Uno dei più espliciti veto al coinvolgimento dei conservatori europei è venuto da chi meno poteva aspettarselo tra quanti contavano nella sponda con Ursula von der Leyen candidata al rinnovo della sua presidenza della Commissione europea da parte dei popolari. Quello di Donald Tusk, il Primo ministro polacco e una delle principali figure del Partito popolare europeo.

Non poteva essere altrimenti visto che Tusk è stato impegnato in una dura battaglia, da lui alla fine vinta, contro i populisti e nazionalisti del suo paese, da sempre molto vicini a Giorgia Meloni.

Il passato, infatti, ha un suo peso e rischia, anche nel caso specifico, di costituire uno di quei massi di cui abbiamo parlato ieri (CLICCA QUI) che Giorgia Meloni si ritrova tra i piedi, proprio sul più bello, quando prova a far sentire la sua voce anche in Europa.

Le viene adesso a mancare una delle carte su cui contava. Qual era quella di una interlocuzione con il Ppe nel suo complesso. Mentre, invece, può stare solo a guardare il corso che prenderà il tentativo di Ursula von der Leyen di allargare la sua maggioranza. In ogni caso, restano le ripetute dichiarazioni della nostra Presidente del consiglio che mai e poi mai avrebbe partecipato ad una coalizione di cui facessero parte le sinistre. Il collante delle guerra in Ucraina non serve come un talismano a superare le posizioni storicamente assunte e che oggi non è facile far dimenticare.

La politica è un’altra cosa  rispetto alla retorica e alla propaganda.

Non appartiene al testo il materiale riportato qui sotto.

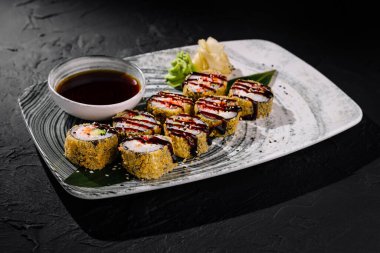 Susam tohumlarıyla kaplı nefis suşi seçimi. Soya sosu, wasabi ve zencefil ile servis ediliyor.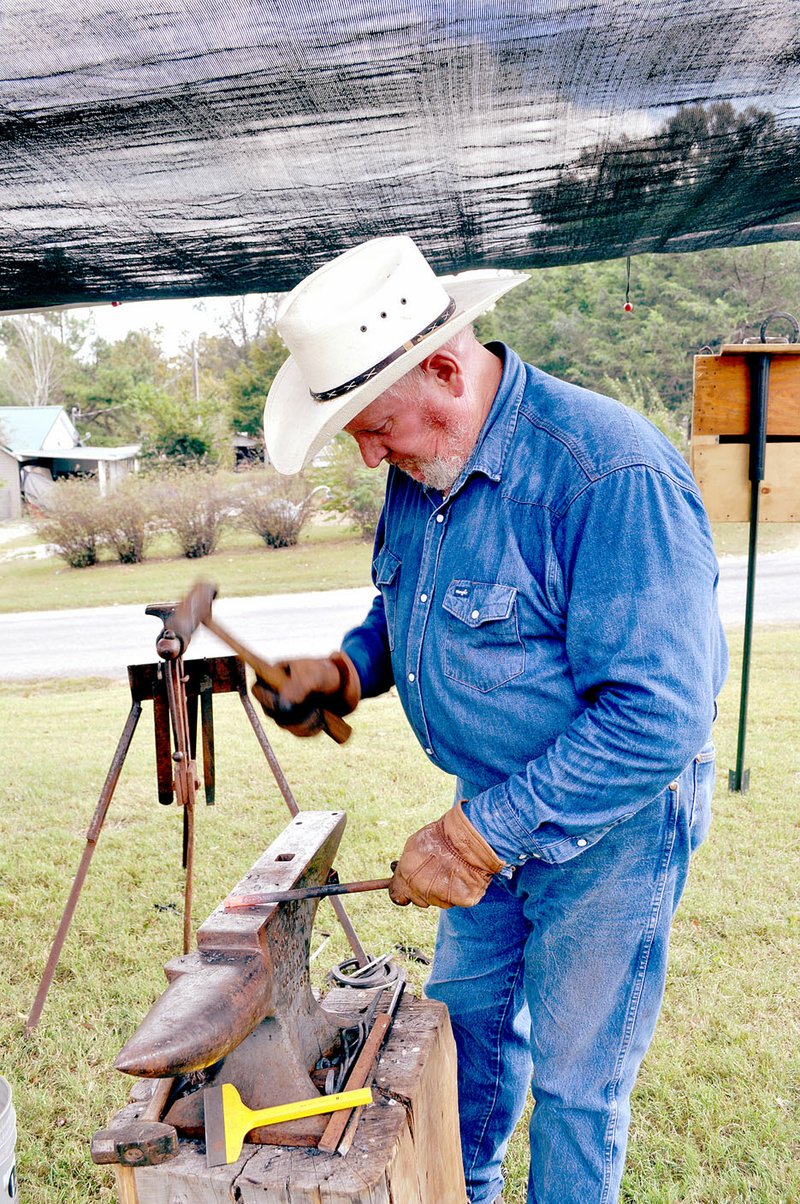 RACHEL DICKERSON/MCDONALD COUNTY PRESS Robert Bechdolt of Neosho puts on a blacksmithing demonstration at the New Bethel School Old Time Craft Fair on Saturday.
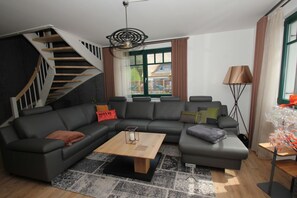 A modern living room with a sectional sofa, a wooden coffee table, a floor lamp, and a staircase.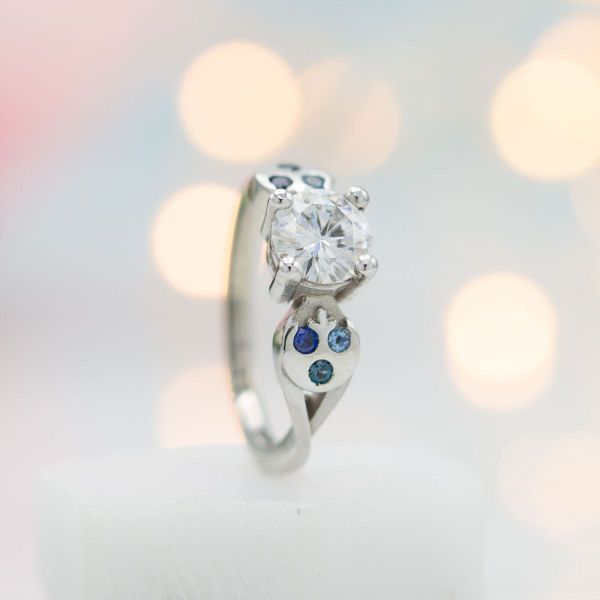 Rebel Alliance inspired logos with jewel accents flank the moissanite center stone in this Star Wars inspired engagement ring.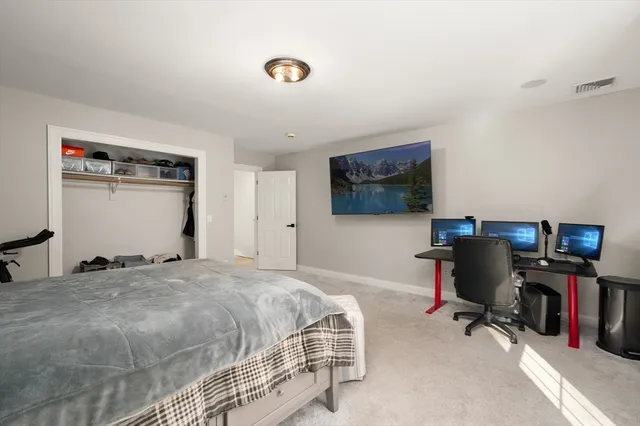 a bedroom with a bed couch and window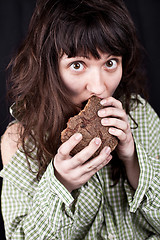 Image showing beggar woman eating bread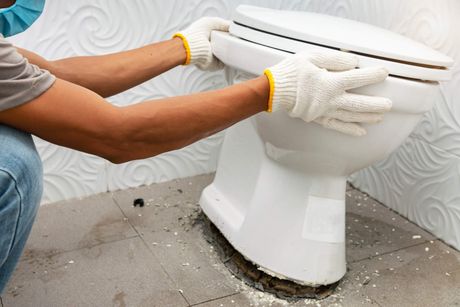 Plumber installing a toilet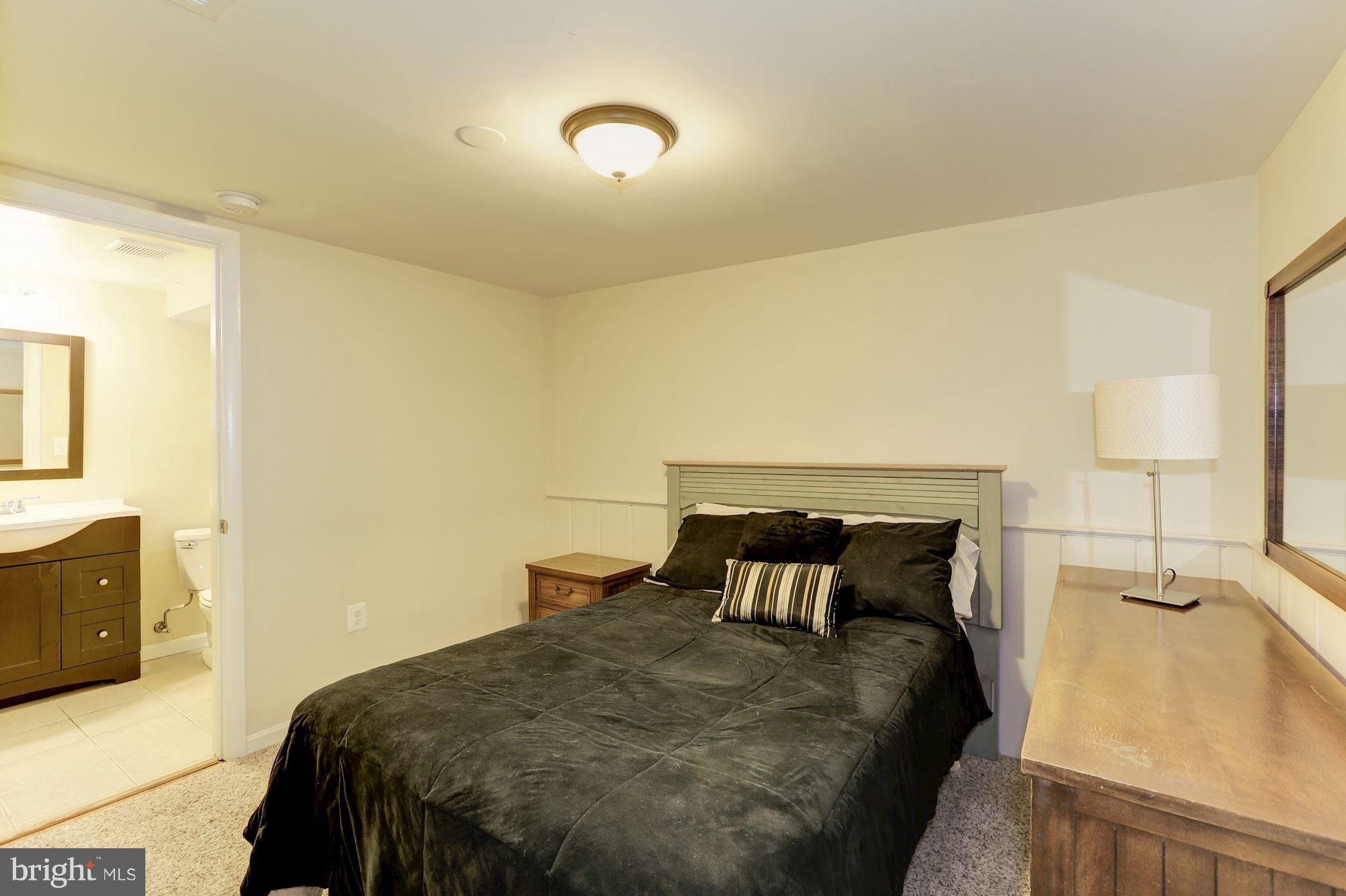 12503 Feldon Street Silver Spring, MD 20906 - Photo 15 of 18 a bedroom with a bed and lamps
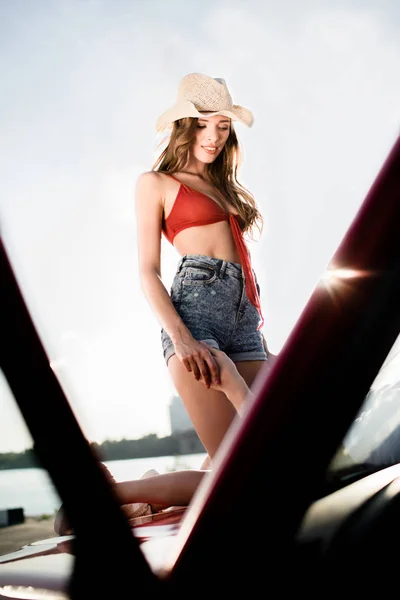 Woman standing on car hood — Stock Photo, Image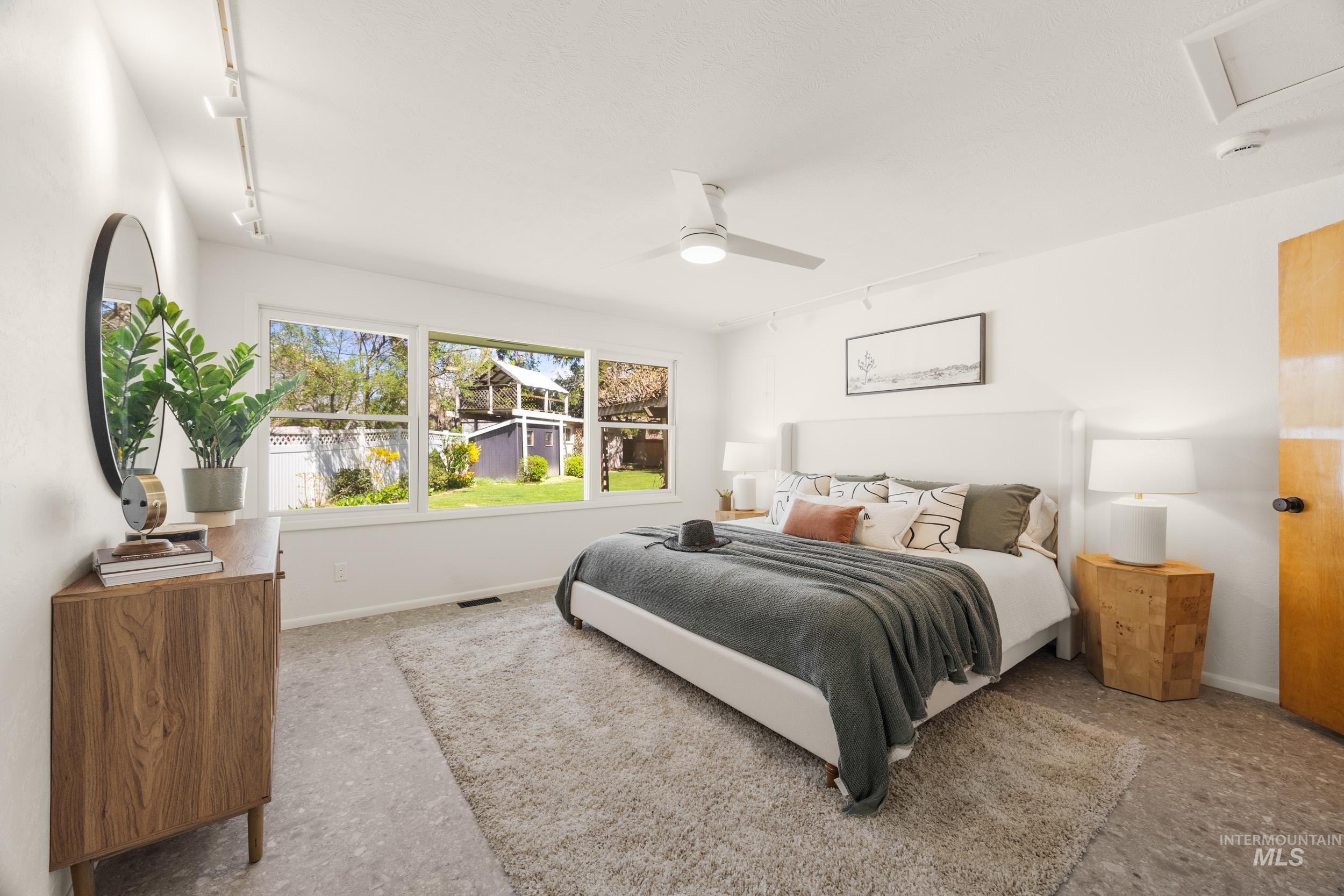Bedroom with track lighting and ceiling fan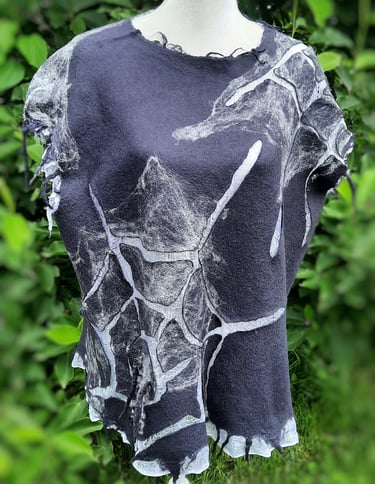 Handmade nuno felted wool tunic in charcoal gray with white web design on a dress form.
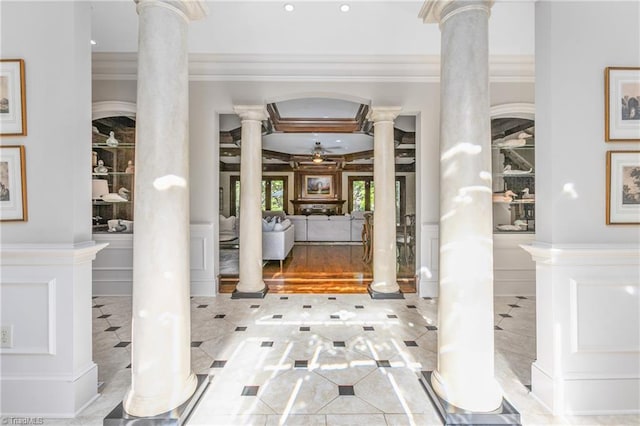 foyer entrance with ornate columns, ornamental molding, and ceiling fan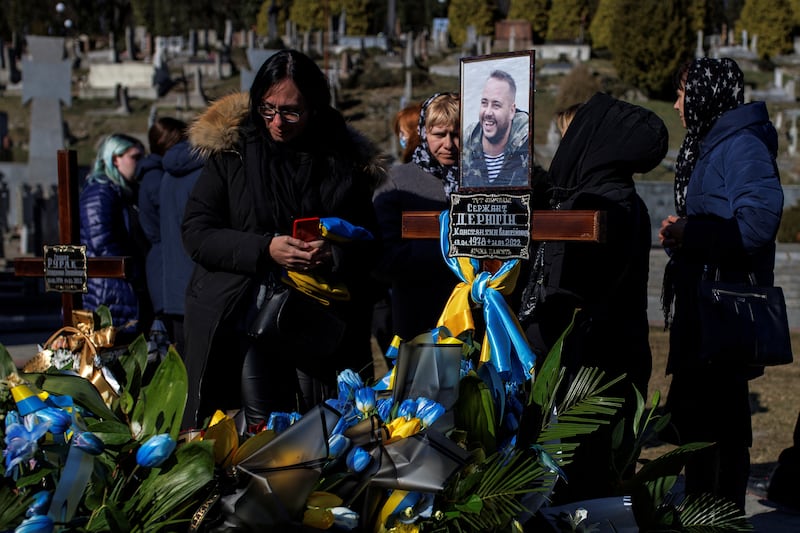 The widow of sergeant Kostiantyn Deriuhin stands at her husband's grave after his funeral at Lychakiv cemetery in Lviv, Ukraine. Reuters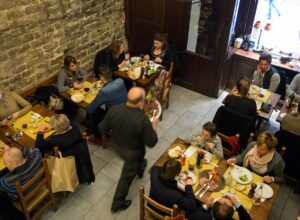 Diners share small wooden tables beside a stone wall as a waiter crosses a busy Florence osteria dining room.
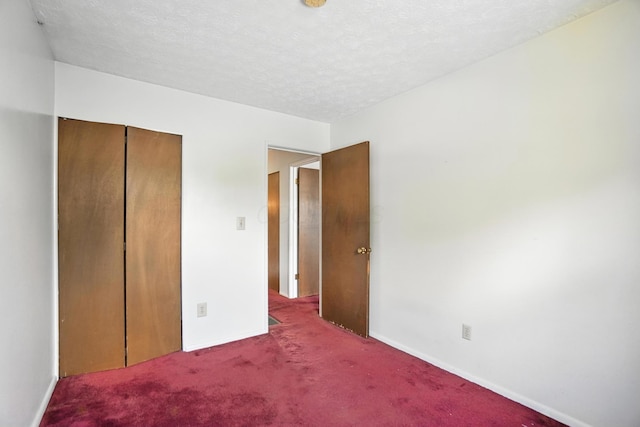 617 Athens St, Columbus, OH 43204 - unfurnished bedroom with carpet, a closet, and a textured ceiling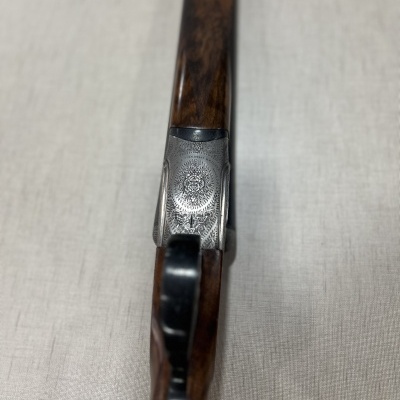 Espingarda de cano duplo com cabo de madeira castanha e detalhes em metal gravado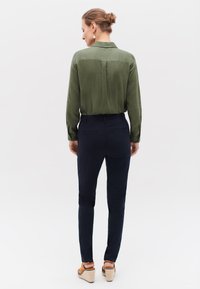 Grön långärmad skjorta med ryggskärning, kombinerad med marinkolumnära slim-fit byxor. Bruna kilklackar med vävd detalj. Neutral bakgrund.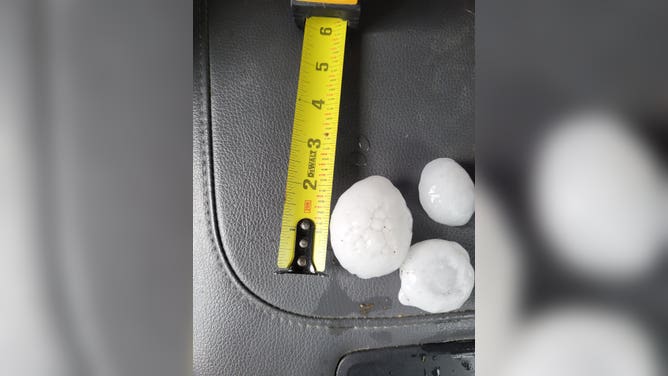 Large hail falls Friday evening in southeast Wyoming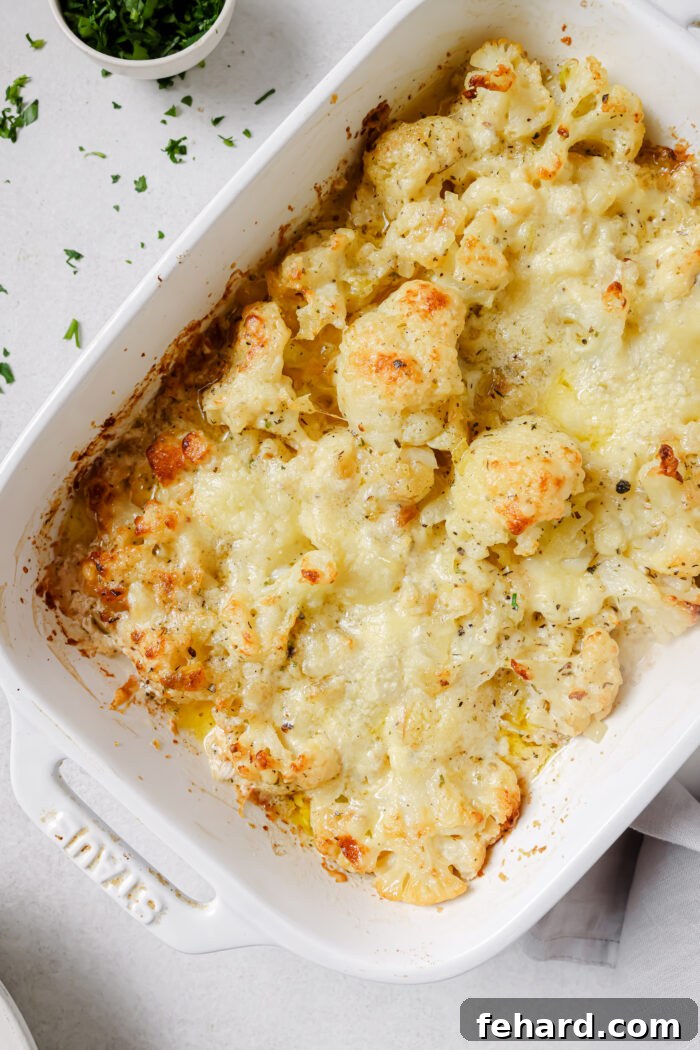 Freshly baked cauliflower au gratin resting on a wooden board.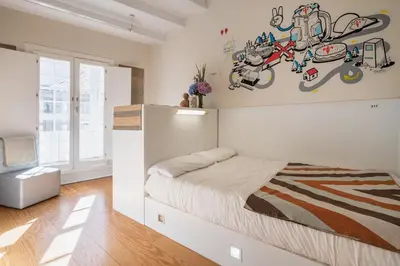 a bedroom with a large white bed with a wall at Albergue The Last Stamp in Santiago de Compostela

E ciò vale soprattutto nell’ambito internazionale dove le dichiarazioni di principio ci sono, certamente,  vengono anche disattese con una certa facilità e, quindi, lasciano il tempo che trovano, ma sempre restano con tutto il loro peso. In questa volatilità del pensiero, e soprattutto nella coerenza della sua attuazione, indubbiamente, può essere individuato uno dei limiti del com’è stata costruita l’Unione, ma forse ciò ha costituito il prezzo da pagare al percorso di un’entità sovrannazionale che non è composta, oggi, da 27 paesi, bensì da tante numerosi variabili che ognuno di quei paesi si porta nel proprio bagaglio. Cosa che rende l’Europa complessa … da maneggiare sempre con cura.

Le relazioni, soprattutto quelle internazionali, non possono essere coltivate a colpi d’ascia. Metodo che soventemente praticano tutti i nostri politici, ma che è coltivato con una certa determinazione anche dalla nostra Presidente del consiglio.

L’Italia avrà comunque il suo commissario e il voto segreto della ratifica con cui saranno sottoposti i candidati alla nuova Commissione potrebbe certamente riservare qualche sorpresa. Giorgia Meloni sembra molto risentita per come si stanno mettendo le cose, in generale, e dell’andamento della prima cena fatta con gli altri Capi di stato e di governo di due sere fa. Facendo un po’ come la volpe con l’uva, visto il clima in cui si è ritrovata abbastanza marginalizzata, ha detto di essere contraria alle decisioni prestabilite. Anche se l’incontro cui lei ha partecipato a quello doveva portare, pure con il suo apporto.

Così funzionano le cose, che piaccia o no. Un valente politico non può non tenerne conto… e magari anche il più possibile in anticipo rispetto agli appuntamenti che contano, scegliendo per tempo la parte giusta.